Reviewing is done by paper writers just like yourself, so a good proxy for this question is asking “How can I be a better reviewer?” Here are a few things I’ve learned by trial (and error), as a paper writer, and as a reviewer.

  1. The secret ingredient is careful thought. There is no good substitution for a deep and careful understanding.
  2. Avoid reviewing papers that you feel competitive about. You almost certainly will be asked to review papers that feel competitive if you work on subjects of common interest. But, the feeling of competition can easily lead to bad judgement.
  3. If you feel biased for some other reason, then you should avoid reviewing. For example…
  4. Feeling angry or threatened by a paper is a form of bias. See above.
  5. Double blind yourself (avoid looking at the name even in a single-blind situation). The significant effect of a name you recognize is making you pay close attention to a paper. Since not paying enough attention is a standard failure mode of reviewers, a name you recognize is inevitably unfair to authors you do not recognize.
  6. Don’t review fast. For conferences there is a tendency to review papers right at the deadline. This tendency can easily result in misjudgements because you do not have the opportunity to really understand what a paper is saying.
  7. Don’t review too much. “Too much” is defined on a per-person basis. If you don’t have time to really understand the papers that you review, then you should say “no” to review requests.
  8. Overconfidence is the enemy of truth.
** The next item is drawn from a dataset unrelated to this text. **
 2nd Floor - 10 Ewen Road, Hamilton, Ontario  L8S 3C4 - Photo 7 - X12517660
If you are not confident about your review, you should not state that you are. Bad reviews are often overconfident reviews.
  9. Always try to make review comments nonpersonal and constructive, especially in a rejection.
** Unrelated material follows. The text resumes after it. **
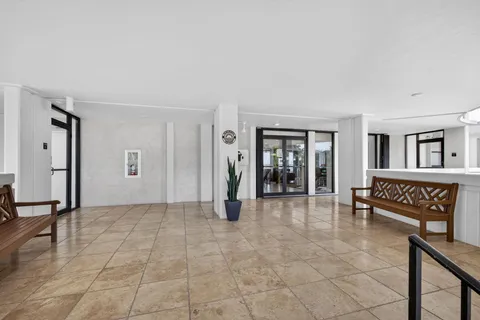 $535,000 | 130 Lakeshore Drive, Unit 323, North Palm Beach, FL 33408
Given the above, observations, a few suggestions for improved review organization can be derived.

  1. Double blind. A common argument against double blind reviewing is that it is often defeatable. This is correct and misses the point. The reason why double blind reviewing is helpful is that a typical reviewer who wants to review well is aided by the elimination of side information which should not effect the acceptance of a paper. (ICML and AAAI are double blind this year.) Another reason why double blind reviewing is “right”, is that it simply appears fairer. This makes it easier on average for authors to take rejections in a more constructive manner.
  2. Staggered deadlines. Many people can’t prioritize reviews well, so the prioritization defaults to deadline proximity. Consequently, instead of having many paper reviews due on one day, having them due at the rate of one-per-day (or an even slower rate) may be helpful. These should be real deadlines in the sense that “you get it in by this date or you are excluded from conversation and decision making about the paper”.
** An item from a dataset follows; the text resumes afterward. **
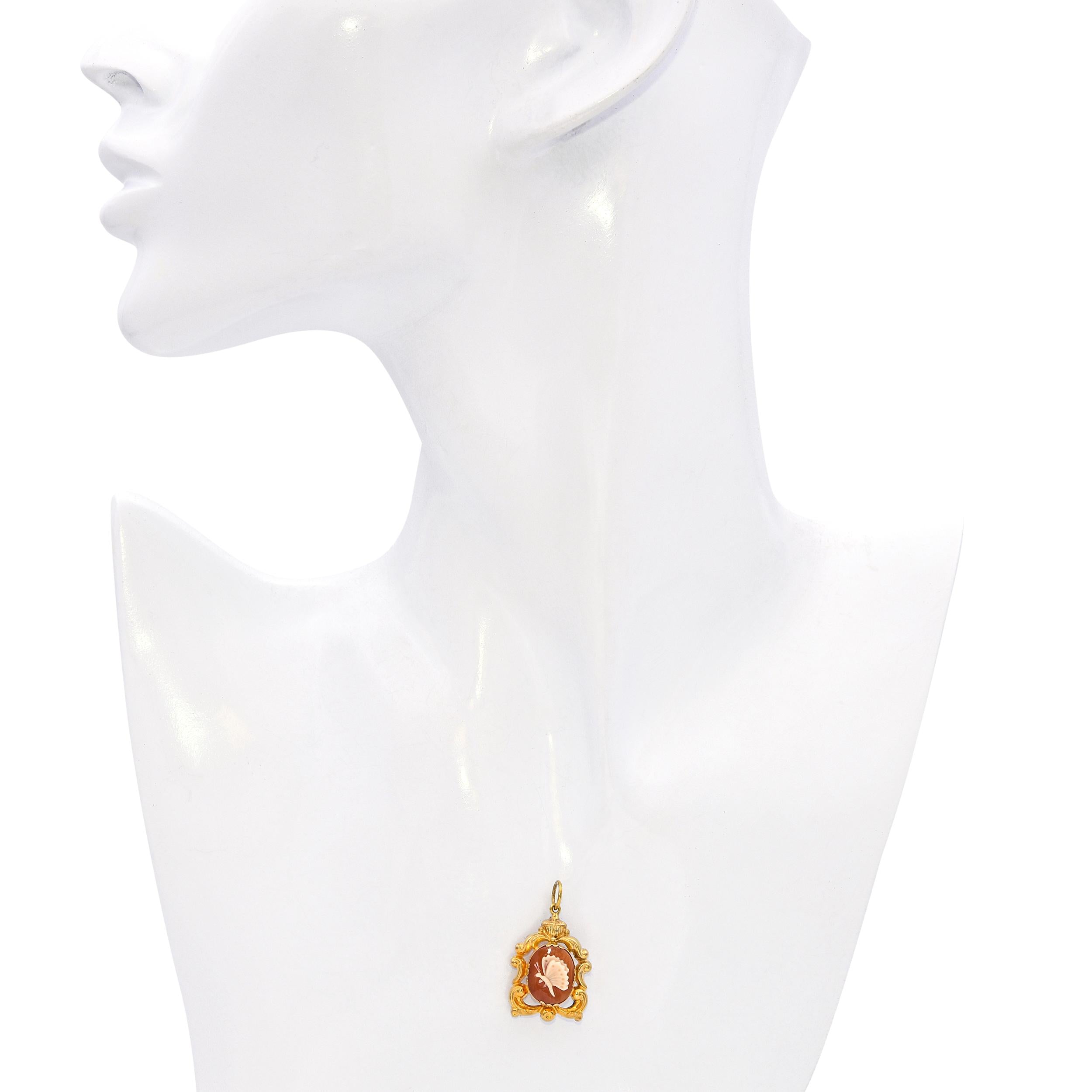 Vintage 20k Yellow Gold Butterfly Shell Cameo Pendant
  3. Large PCs. There is a tendency to value (and romanticize) the great researcher. But a great researcher with many papers to review can only be a mediocre reviewer due to lack of available attention and time. Consequently, increasing the size of the PC may be helpful for small PC conferences.
  4. Communication channels. A typical issue in reviewing a paper is that some detail is unintentionally (and accidentally) unclear. In this case, being able to communicate with the authors is helpful. This communication can be easily setup to respect the double blind guarantee by routing through the conference site. This communication does not change the meaning of a reviewers job. ICML and AAAI are allowing author feedback. I mean something more spontaneous, but this is a step in that direction.
  5. Refusal. In many cases, it is not possible to tell that you have a conflict of interest in a paper until after seeing it. A mechanism for saying “I have a conflict of interest, please reassign the paper” should exist, and it’s use should be respected.
  6. Independence. Access to other reviews should not be available until after completing your own review. The point of having multiple reviews is reducing noise. Allowing early access to other reviews increases noise by decreasing independence amongst reviewers. Many conferences (but not all) follow this pattern.

If you have more ideas, please add them.